Dismal perspectives thread throughout the 10 tales in Brooklyn author Nesbitt’s debut collection, Gigantic. Class, race, and alcohol have the unlucky first-person narrators facing the world with battered egos. The titular story, which placed Nesbitt among The New Yorker‘s 2001 Debut Fiction Writers, follows a zoo worker from his unjust firing to his daylight drinking session. A man of mixed race poses as a human lawn jockey for his bigoted meat-magnate employer in “The Ones Who May Kill You in the Morning,” while the poetry grad student of “Man in Towel With Gun”—a drunk who claims, “Even with a shaved head I can still smell cigarettes in my hair”—ends his exhaustive search for his lover by discovering that she’s been painting in their apartment all afternoon. Like Nimrod, those who rise literally or figuratively must eventually scurry back to a lowly position. Even the nightclub host of “Thursday the 16th,” who manages to coax a reggae singer’s girlfriend under his covers, suffers a violent betrayal after using an unflattering word to describe her figure.

BUT LANGUAGE, not story, is what isolates Gigantic from the average crop of first collections, and it’s also what will cause a reader to either propose the author’s genius or dismiss the book as headache-inducing. A staunch enemy of clich鬠Nesbitt has attempted to tweak his imagery and metaphors in unpredictable ways.

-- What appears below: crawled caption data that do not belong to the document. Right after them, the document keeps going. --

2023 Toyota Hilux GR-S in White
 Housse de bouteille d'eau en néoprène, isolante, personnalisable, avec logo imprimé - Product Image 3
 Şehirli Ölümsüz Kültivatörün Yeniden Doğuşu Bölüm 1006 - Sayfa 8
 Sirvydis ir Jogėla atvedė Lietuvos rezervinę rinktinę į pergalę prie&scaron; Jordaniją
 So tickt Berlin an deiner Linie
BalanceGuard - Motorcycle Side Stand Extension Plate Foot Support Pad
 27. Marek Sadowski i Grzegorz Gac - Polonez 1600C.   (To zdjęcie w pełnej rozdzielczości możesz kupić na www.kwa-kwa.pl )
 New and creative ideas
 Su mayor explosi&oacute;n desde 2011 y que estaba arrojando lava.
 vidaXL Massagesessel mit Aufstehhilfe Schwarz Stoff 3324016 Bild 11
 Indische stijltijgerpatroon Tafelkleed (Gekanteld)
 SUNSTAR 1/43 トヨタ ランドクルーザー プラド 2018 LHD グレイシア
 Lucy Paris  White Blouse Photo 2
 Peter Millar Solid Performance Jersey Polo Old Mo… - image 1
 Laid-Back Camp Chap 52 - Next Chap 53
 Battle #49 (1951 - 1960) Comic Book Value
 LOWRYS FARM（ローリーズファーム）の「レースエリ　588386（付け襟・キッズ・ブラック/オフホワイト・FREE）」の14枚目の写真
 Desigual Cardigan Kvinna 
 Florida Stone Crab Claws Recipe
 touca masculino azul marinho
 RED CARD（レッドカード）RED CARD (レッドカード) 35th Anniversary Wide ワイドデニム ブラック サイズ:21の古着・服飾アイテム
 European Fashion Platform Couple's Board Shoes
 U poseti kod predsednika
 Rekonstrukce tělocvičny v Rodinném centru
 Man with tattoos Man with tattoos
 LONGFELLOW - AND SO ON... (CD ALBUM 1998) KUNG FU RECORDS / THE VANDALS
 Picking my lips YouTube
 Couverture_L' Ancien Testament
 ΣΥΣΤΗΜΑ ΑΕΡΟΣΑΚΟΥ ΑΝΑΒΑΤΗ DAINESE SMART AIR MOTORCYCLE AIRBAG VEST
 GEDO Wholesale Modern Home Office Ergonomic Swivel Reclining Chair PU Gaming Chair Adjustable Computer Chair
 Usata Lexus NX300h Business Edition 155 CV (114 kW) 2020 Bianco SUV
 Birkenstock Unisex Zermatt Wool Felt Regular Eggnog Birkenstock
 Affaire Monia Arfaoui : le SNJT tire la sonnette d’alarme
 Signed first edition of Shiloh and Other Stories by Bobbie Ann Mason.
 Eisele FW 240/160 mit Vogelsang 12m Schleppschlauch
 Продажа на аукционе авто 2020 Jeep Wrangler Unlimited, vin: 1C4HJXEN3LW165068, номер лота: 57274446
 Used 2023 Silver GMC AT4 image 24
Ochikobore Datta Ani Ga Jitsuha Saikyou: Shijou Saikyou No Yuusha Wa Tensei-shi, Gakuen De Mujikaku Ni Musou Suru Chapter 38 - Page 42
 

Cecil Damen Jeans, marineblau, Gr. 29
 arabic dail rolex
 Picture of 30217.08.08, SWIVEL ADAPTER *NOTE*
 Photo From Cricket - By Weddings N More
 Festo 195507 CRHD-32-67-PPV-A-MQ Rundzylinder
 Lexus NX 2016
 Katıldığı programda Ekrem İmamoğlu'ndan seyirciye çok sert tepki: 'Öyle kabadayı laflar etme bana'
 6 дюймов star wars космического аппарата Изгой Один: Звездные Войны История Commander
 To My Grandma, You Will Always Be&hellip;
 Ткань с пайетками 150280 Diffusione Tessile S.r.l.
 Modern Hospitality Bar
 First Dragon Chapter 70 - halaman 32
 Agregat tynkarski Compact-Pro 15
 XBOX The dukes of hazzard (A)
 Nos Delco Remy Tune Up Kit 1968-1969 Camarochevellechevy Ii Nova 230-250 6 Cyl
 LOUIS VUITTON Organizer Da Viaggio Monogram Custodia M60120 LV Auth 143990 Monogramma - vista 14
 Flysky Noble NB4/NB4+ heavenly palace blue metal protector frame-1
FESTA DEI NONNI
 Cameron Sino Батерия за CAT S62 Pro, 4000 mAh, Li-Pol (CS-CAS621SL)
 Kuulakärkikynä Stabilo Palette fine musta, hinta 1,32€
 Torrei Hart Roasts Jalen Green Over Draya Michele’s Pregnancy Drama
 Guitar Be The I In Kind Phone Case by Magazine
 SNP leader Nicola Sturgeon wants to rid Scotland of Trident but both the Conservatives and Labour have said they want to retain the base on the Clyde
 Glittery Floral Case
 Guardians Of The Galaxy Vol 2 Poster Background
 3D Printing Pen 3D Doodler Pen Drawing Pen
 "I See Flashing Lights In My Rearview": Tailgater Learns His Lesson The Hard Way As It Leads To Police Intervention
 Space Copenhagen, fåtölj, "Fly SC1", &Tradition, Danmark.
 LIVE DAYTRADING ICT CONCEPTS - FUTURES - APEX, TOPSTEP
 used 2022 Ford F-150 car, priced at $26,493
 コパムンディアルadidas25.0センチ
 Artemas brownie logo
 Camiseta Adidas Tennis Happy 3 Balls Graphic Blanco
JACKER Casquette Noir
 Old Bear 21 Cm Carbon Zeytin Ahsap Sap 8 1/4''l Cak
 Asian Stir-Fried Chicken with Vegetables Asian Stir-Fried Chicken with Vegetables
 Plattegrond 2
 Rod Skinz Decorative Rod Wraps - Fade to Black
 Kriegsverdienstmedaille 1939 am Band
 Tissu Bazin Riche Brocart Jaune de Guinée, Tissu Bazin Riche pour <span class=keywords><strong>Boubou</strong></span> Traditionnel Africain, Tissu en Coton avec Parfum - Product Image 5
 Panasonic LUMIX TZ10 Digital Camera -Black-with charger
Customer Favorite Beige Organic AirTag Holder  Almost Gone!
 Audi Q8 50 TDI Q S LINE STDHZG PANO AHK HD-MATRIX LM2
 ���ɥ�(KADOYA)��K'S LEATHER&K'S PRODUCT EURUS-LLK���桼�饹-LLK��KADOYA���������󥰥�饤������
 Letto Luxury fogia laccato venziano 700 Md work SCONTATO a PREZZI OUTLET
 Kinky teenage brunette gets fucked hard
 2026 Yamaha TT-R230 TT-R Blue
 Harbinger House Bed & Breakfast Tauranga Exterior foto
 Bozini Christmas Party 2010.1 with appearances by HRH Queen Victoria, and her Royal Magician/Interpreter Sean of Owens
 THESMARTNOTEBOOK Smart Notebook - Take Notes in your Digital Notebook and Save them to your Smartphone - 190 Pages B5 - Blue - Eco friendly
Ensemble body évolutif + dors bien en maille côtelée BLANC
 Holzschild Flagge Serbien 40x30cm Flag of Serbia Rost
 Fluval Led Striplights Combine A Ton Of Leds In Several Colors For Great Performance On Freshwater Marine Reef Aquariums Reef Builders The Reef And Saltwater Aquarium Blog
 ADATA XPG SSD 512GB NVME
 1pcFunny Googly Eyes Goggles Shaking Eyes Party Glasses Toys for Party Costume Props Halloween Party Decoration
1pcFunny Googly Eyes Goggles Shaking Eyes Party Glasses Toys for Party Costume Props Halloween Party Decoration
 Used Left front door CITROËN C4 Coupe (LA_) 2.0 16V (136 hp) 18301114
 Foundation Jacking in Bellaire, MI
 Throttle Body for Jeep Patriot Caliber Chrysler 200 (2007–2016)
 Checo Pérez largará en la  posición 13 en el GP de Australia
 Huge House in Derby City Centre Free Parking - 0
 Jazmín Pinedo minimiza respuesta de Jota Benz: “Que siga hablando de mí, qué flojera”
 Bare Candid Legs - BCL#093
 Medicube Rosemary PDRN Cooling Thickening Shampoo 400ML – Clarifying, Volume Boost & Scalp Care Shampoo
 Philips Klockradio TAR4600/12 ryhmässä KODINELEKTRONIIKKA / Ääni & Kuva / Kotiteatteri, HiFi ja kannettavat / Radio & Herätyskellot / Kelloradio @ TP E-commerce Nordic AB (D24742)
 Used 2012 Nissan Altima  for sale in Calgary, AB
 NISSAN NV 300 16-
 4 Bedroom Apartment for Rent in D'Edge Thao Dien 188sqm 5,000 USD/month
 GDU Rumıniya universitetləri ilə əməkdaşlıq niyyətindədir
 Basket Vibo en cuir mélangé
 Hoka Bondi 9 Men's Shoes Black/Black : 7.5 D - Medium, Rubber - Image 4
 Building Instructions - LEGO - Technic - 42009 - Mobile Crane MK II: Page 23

Sometimes the results are masterful, as in a booze-soaked moment in “Gigantic”: “Everyone else in the bar races their drinks to their faces, glancing side-eyed like a pie-eating contest.” Other experiments might enhance a poem but clog a short story, like a man who “shifts his weight like a gull on a fence” or the comparison of a house to “an obscenity in a water tank. . . . ” Whatever their merit, Nesbitt’s literary somersaults dazzle most when intermittent; too many sentence-length distractions, as in “The Ones Who May Kill You in the Morning,” prevent the reader from spotting the impact of the larger narrative.

A few of Nesbitt’s tales manage to transcend existential angst and idiosyncratic wording, however. Employing comedy and a car crash, “What Good Is You Anyway?” captures the uneasy relationship between an insecure Mattress Discounter employee and his father, a handicapped man with multiple DWIs. “Gigantic” completes its stumble from run-down zoo to alcoholics’ den to late-night baseball-stadium parking lot with an act of kindness, as the protagonist passes on the cherished rock an elephant once tossed at him. Conversely, “Quality Fuel for Electric Living” closes with a gruesome scene, as Nimrod and his co-workers wash the truck bed that delivered the dead buck: “This hose blows it all off—the skin and bloody hair, the larger chunks of organ—everything, not counting these stringy pieces hanging from the door latch. Or those lumps caught in the gutter’s teeth.” Like most of Nesbitt’s stories, this one ends by offering an impression of the indisposable debris of life. The jarring, uneven Gigantic rarely reaches the immaculate, but it always delivers the raw.